Get informed: What’s important when choosing…

Powered/active speakers vs separate amplifiers and speakers
In the past, it was usual to have amplifiers and speakers separate from each other, and it’s still quite common. But increasingly, powered or active speakers (the terms often get used interchangeably, although there is a technical difference) are more common. These are speakers with amplifiers built right there into the cabinet. (In some systems, the amplifier may even be built into only one cabinet, and the other speaker or speakers just link up to the “master” cabinet. We’ll look at some of these next week.)

B212D rear
The back of a typical active speaker. Note it has its own power, audio inputs and basic EQ/level controls. (Click to enlarge.)

Active systems have the advantage of the amps being matched perfectly to the speakers, of being less complex, and being easier to set up as well as carry. You don’t need to worry about things like active vs passive crossovers, bi-amping and all that stuff either. The disadvantage, though, is reduced flexibility. Generally, we’d recommend you go for powered/active speakers.

(If you do choose to go for passive speaker and amplifiers, make sure the amps are rated at at least a third more power output than the speakers are designed for – half as much again or even more is also fine. Contrary to popular belief, it’s speakers being driven by underpowered amps that tends to blow them, not overpowered.)

Subwoofer or not?
A subwoofer is a big, usually floor-standing speaker, that is designed to handle very low frequencies. While the “main” speakers are always sold as being up to this task, if you are playing to more than 150 people or if you are a bass lover (ie pretty much everyone reading this), you’re going to want a subwoofer. That’s why they’re pretty much a given for most DJ PA systems.

Typically, one subwoofer on its own is enough – bass is not very directional, so whether or not you need two is more dependent on how many people come to your parties than filling more of the room. As a rule, if you feel your small PA system is struggling, add a subwoofer to it rather than getting a bigger PA – it could be all you need to fix things.

What size speakers?
For 100 people parties, you may get away with 10″ drivers (that’s the size of the biggest of the two speakers each cabinet will typically contain), but 12″ or even 15″ would be better for 150 to 200 people. These will simply be louder.
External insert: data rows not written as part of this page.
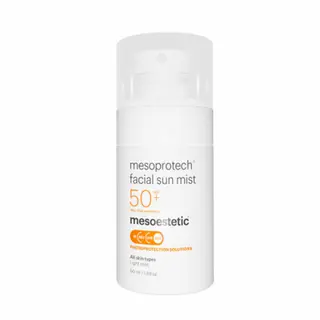 Produktfoto för Mesoestetic Mesoprotech Antiaging Facial Sun Mist 50+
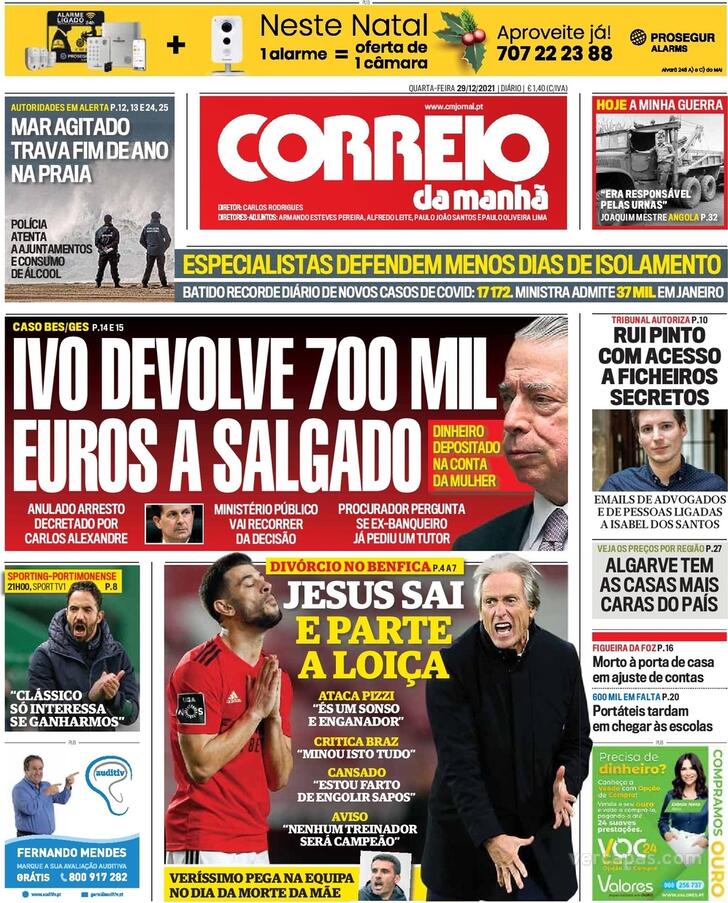 Correio da Manh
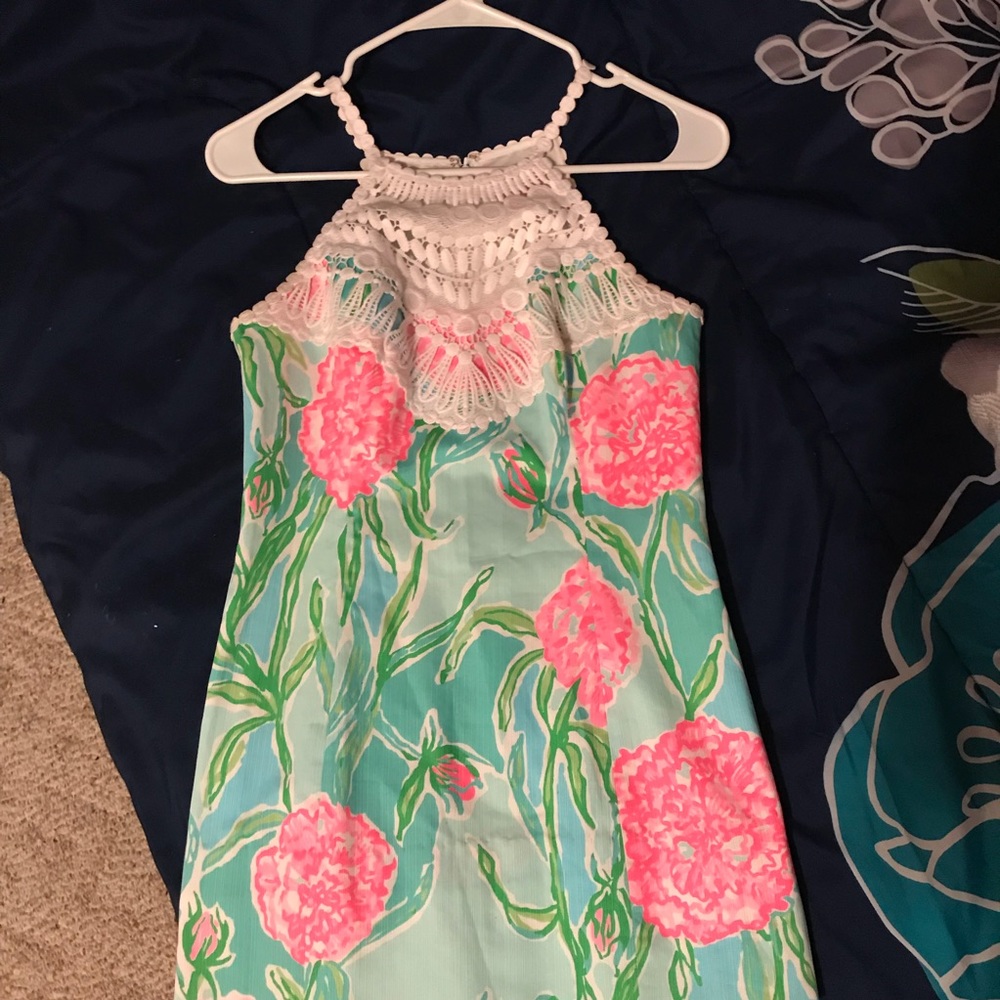 Lily Pulitzer shift dress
From 250 up to 500 watt power or higher is about right (per speaker), although some all-in-one systems that we like deliver less; these are best for home and family party use. As far as the subwoofer goes, 12″ as a minimum for small events, but 15″ or 18″ is about right for size, and subwoofers should deliver at least as much power as your main speakers, and preferably more. Bass gets “soaked up” easily by roomfuls of people.

Plugging it all together
There are two types of connectors: Balanced and unbalanced. Unbalanced are always RCA-type: similar to the red/white leads and sockets you’ll have on your DJ controller. They’re fine for short distances. As soon as you want to use longer leads (say over 20ft), balanced are best, and that’s what I’d recommend you use to connect your controller and PA system – they are less prone to interference.

XLR connector
A balanced XLR lead. These are typically what you’ll use to get from your PA from your controller, although TRS balanced leads are also common.

They come in three types: Speakon, XLR, and TRS. Which you use doesn’t really matter, and will be dictated by what type of output you have on the back of your DJ controller (it’ll be TRS or XLR), and of course what type of inputs your powered speakers or amp have.

If your DJ controller doesn’t have balanced outputs at all, you can get away with RCA assuming your PA has RCA ins: I use it on our cheapo party PA all the time. But just be aware that if you’re using longer leads, interference is more likely. Balanced is always best for PA connections.

By the way, when it comes to wiring subwoofers or extra speakers in, most speakers some kind of “loop thru” system. That is how you can plug three (or more) speakers into the two outputs from your DJ controller.

It’s important to budget for decent speaker stands too. You don’t need them for the subwoofer, but you do for the two main speakers.

Stands have multiple advantages. As well as getting your speakers up out of harm’s way (ie nobody can put their drinks on them), stands let you position them at head height, and point them exactly where you want (usually at the dancefloor). This increases the effectiveness of the speakers, meaning you get louder, better sound for the same speaker than if you tried to position them on chairs, tables or worse, on the floor.

Obviously the most important thing with stands is safety, as you don’t want them toppling onto your crowd, but also bear in mind how small they fold up (and how easy they are to assemble), and how much they weigh.

All-in-one systems vs separates
Generally, your two main speakers and your subwoofer will be separate – their own power, their own built-in amplifiers, and so on.

Matrix B52 1000V2
The Matrix B52 1000V2 all-in-one small PA system packs down into its own small bag, complete with wheels.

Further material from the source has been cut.